(Data records begins)

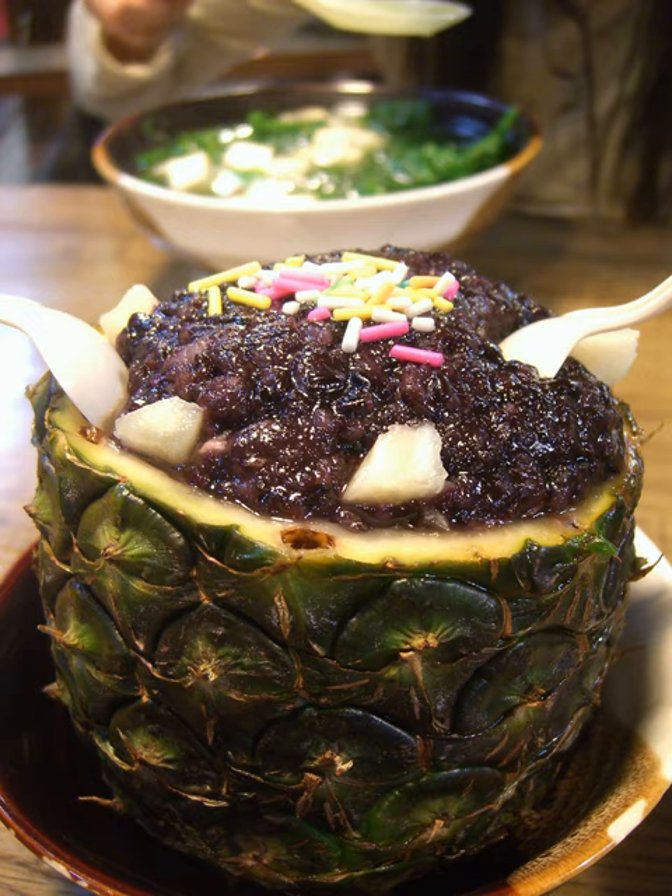The rice, usually a mix of purple and white, is soaked overnight, then steamed for around an hour. A ripe pineapple is hollowed out by slicing the top off and removing the flesh, or by cutting it lengthwise in two halves. The flesh is cut into small cubes.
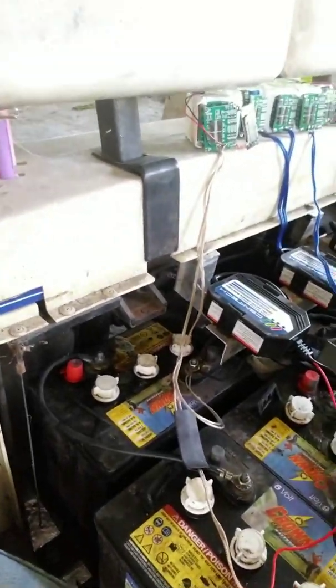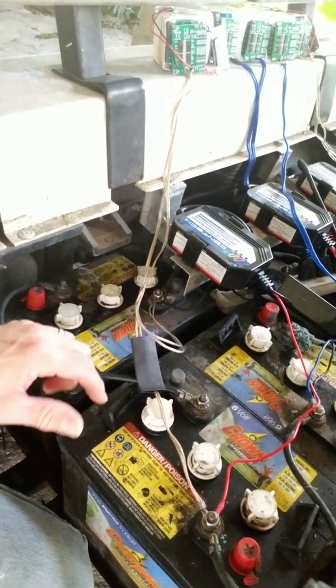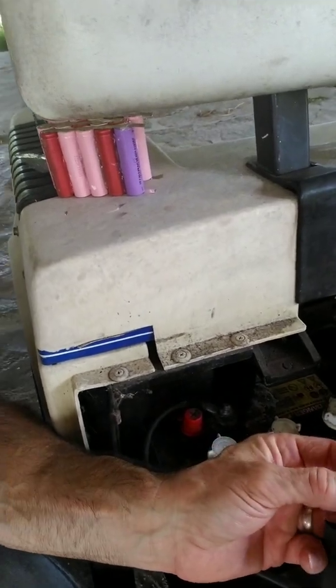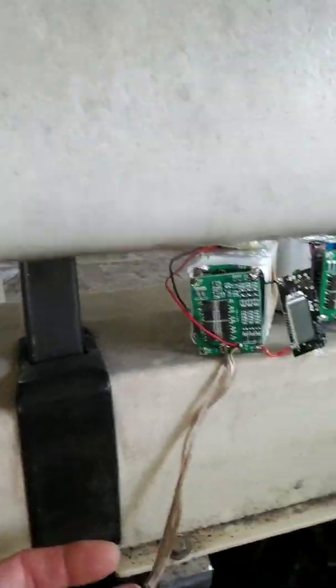The golf cart is 36 volts — six 6-volt batteries all in series. I just took two of them, making 12 volts, disconnected the wire connecting them, and tried the BMS. The first time I did it, the BMS blew up — two bucks down the drain. So I doubled it up: two BMSs just to double the power. I was using speaker wire because that's what I had laying around, and you can see it kind of melted. So I doubled up the speaker wire; that's 18 gauge.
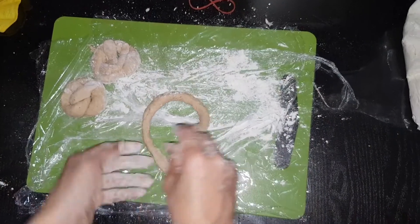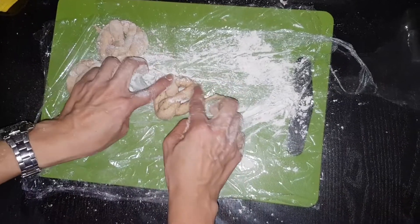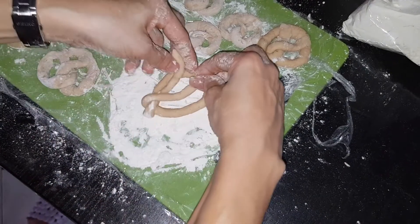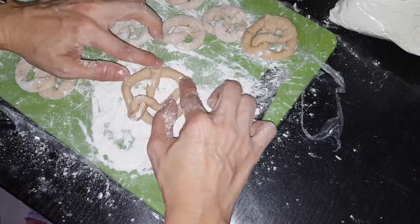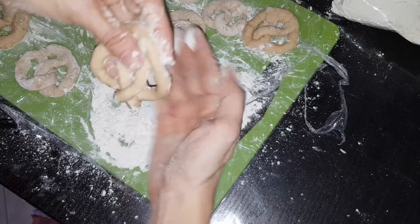It's getting better and better. So you twist two times and just go over it. Getting better on my pretzel shape. Ta-da! See?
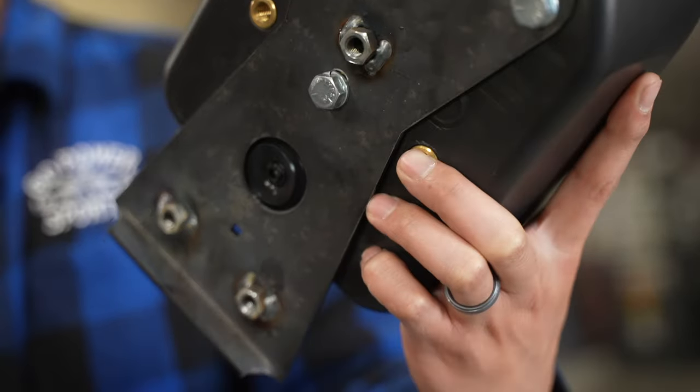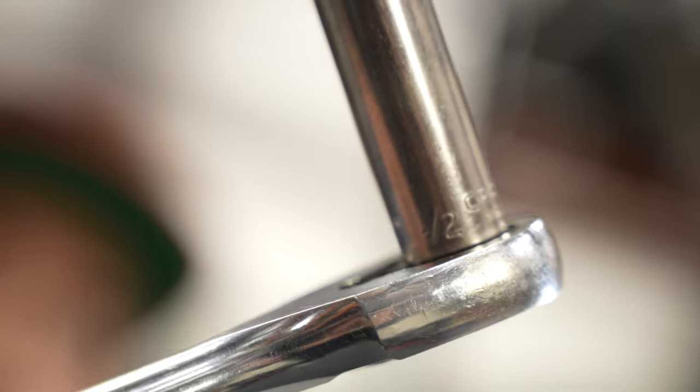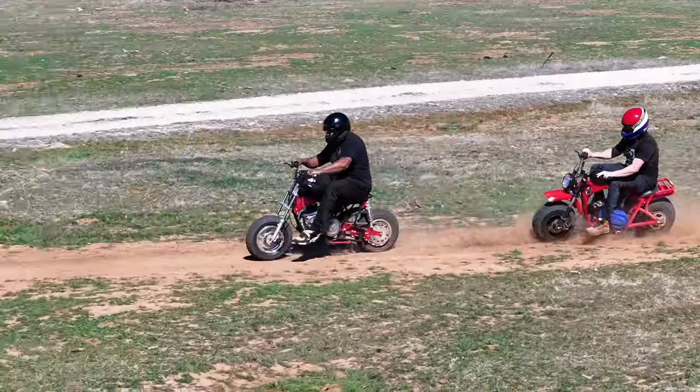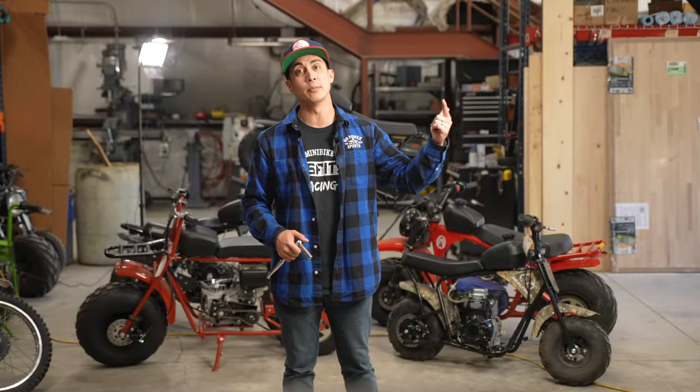These bolt-on kits are designed for maximum convenience, eliminating the need for any welding. Simply grab your half-inch socket and you're good to go. Installation is a breeze so you can spend less time tinkering and more time hitting the track. Get ready to elevate your ride with ease. It's as simple as that.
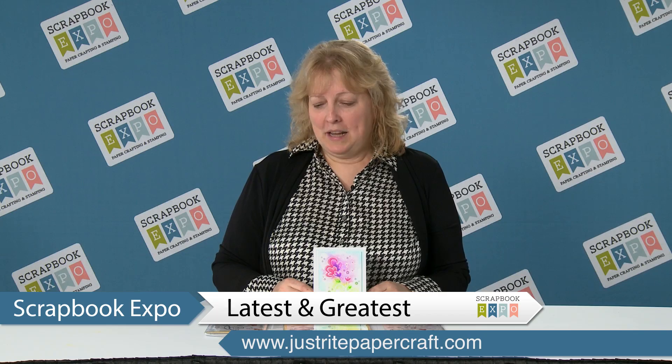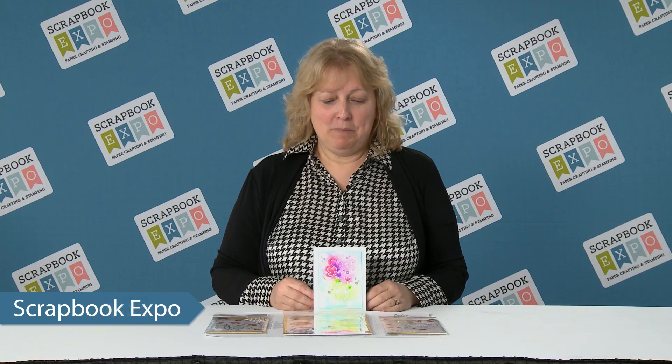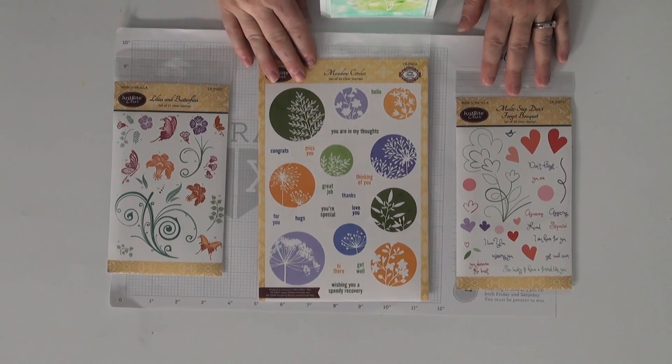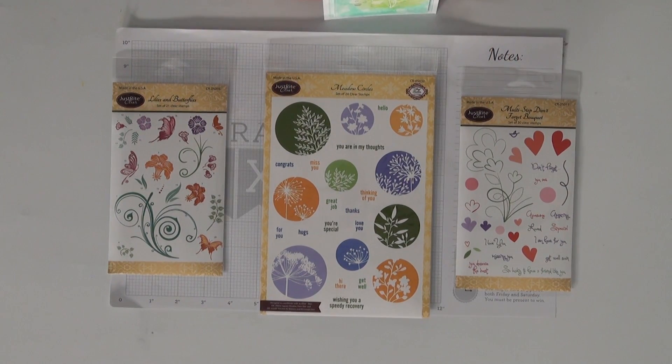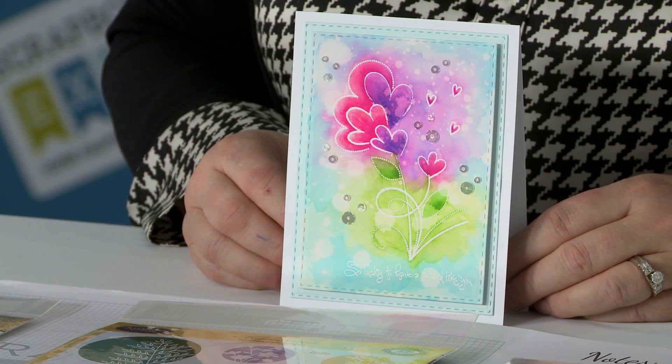Hi, I'm Kelly Fortin from Just Write Papercraft. Today we're showing you some of our newest multi-step stamps and some of our stamps that are being introduced this spring, along with a card made by one of our design team members.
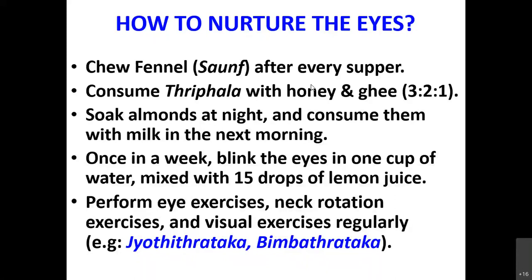Welcome to the second session of Health Head and Healthier Mind. Looking at the slides we were discussing yesterday, at the end I had told you to perform eye exercises, neck rotation exercises, and visual exercises regularly. The eye exercises I am going to show you in the next slide; neck rotation exercises I have already covered in the last session. I want to tell a little bit more about these visual exercises.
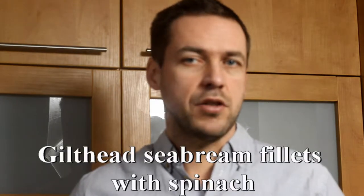Welcome to Adrian's cooking show. Cook along with me. Today I will prepare an interesting dish: gilded sea bream fillets with spinach and tomato.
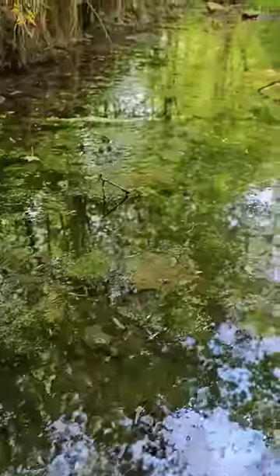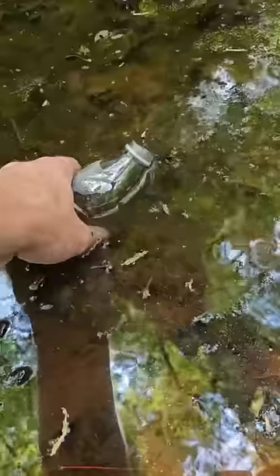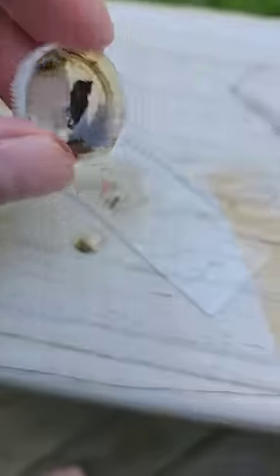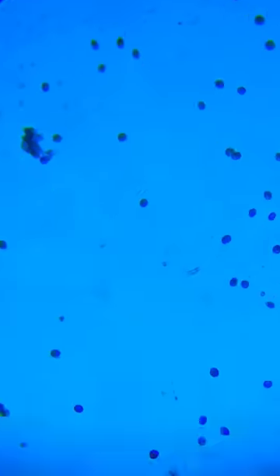I'm going to test the results of one of these under a microscope. I'm going to take a sample of really nasty pond water here and see what it looks like on a microscopic level. Then we'll look at the results after it's filtered.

(Data records ends)

■ Requirement: Leave every image out, and retype the material exactly.

■ Exercise output:
The rice, usually a mix of purple and white, is soaked overnight, then steamed for around an hour. A ripe pineapple is hollowed out by slicing the top off and removing the flesh, or by cutting it lengthwise in two halves. The flesh is cut into small cubes.
The golf cart is 36 volts — six 6-volt batteries all in series. I just took two of them, making 12 volts, disconnected the wire connecting them, and tried the BMS. The first time I did it, the BMS blew up — two bucks down the drain. So I doubled it up: two BMSs just to double the power. I was using speaker wire because that's what I had laying around, and you can see it kind of melted. So I doubled up the speaker wire; that's 18 gauge.
It's getting better and better. So you twist two times and just go over it. Getting better on my pretzel shape. Ta-da! See?
These bolt-on kits are designed for maximum convenience, eliminating the need for any welding. Simply grab your half-inch socket and you're good to go. Installation is a breeze so you can spend less time tinkering and more time hitting the track. Get ready to elevate your ride with ease. It's as simple as that.
Hi, I'm Kelly Fortin from Just Write Papercraft. Today we're showing you some of our newest multi-step stamps and some of our stamps that are being introduced this spring, along with a card made by one of our design team members.
Welcome to the second session of Health Head and Healthier Mind. Looking at the slides we were discussing yesterday, at the end I had told you to perform eye exercises, neck rotation exercises, and visual exercises regularly. The eye exercises I am going to show you in the next slide; neck rotation exercises I have already covered in the last session. I want to tell a little bit more about these visual exercises.
Welcome to Adrian's cooking show. Cook along with me. Today I will prepare an interesting dish: gilded sea bream fillets with spinach and tomato.
I'm going to test the results of one of these under a microscope. I'm going to take a sample of really nasty pond water here and see what it looks like on a microscopic level. Then we'll look at the results after it's filtered.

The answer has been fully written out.